I turn first to the issue of narrowing the range of equilibria. As Kandori has emphasized, traditional refinements based on backwards and forwards induction cannot select between strict equilibria. Considerations from "mutation" models can. Here I would emphasize the results that have proven to be extremely robust, especially the strong criterion of ½ dominance. This has the implication that inefficient equilibria may arise if they are less risky than efficient equilibria. To offset this somewhat, is the fact that in general increasing the efficiency of an equilibrium improves its risk dominance as well.

I would like to emphasize one weakness in current models in this area. There is a problem with the length of the long-run in the mutation model. In the large anonymous population case, the time to convergence is too long to be interesting. Kandori point out that in a model of local interaction the rate of convergence is much faster, although the equilibrium selected is similar. However, this local interaction model runs into the problem of causality discussed above: if you interact with only a few neighbors, shouldn't you try to teach them to play the game the way you want them to?

Finally, let me wrap up by emphasizing that while one accomplishment of the theory of learning/evolution is in enhancing our understanding of the importance of risk-dominance, another has been to suggest weaker criterion for equilibria.

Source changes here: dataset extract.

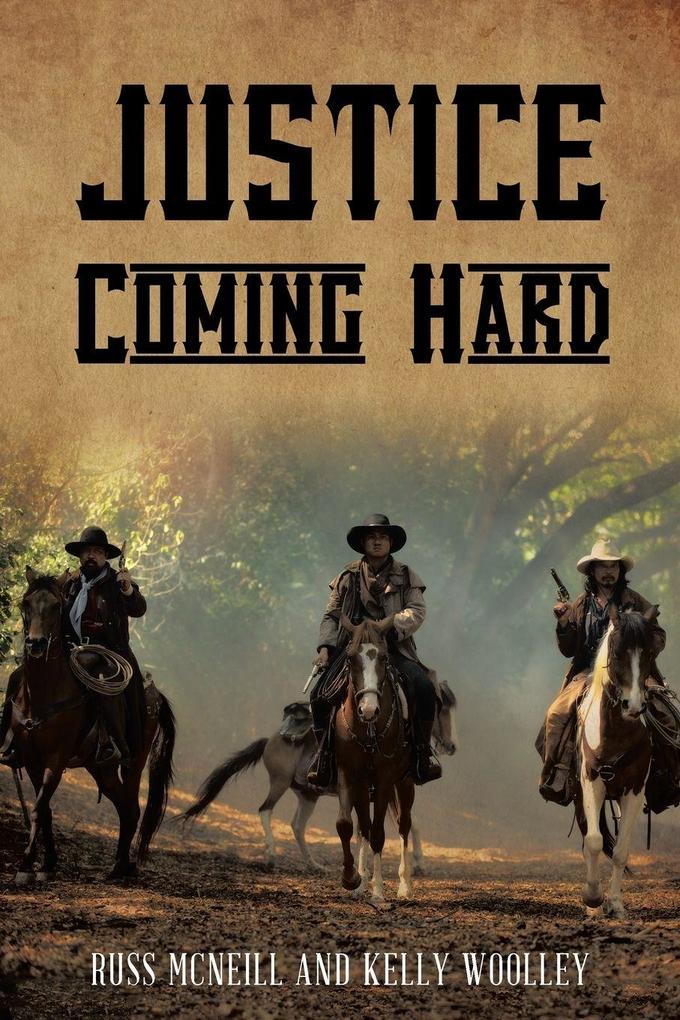 Justice Coming Hard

There is an extensive discussion of this in Marimon. The highlights are that in extensive form games in the short-run we may not expect to see players rationally anticipating opponents play off the equilibrium path, leading to a theory of self-confirming or subjective equilibrium. More broadly, if the learning procedure does not converge at all, but has some weak properties such as universal consistency or calibration, the dynamic path must remain near the set of either marginal best-response distributions (universal consistency) or correlated equilibrium (calibration).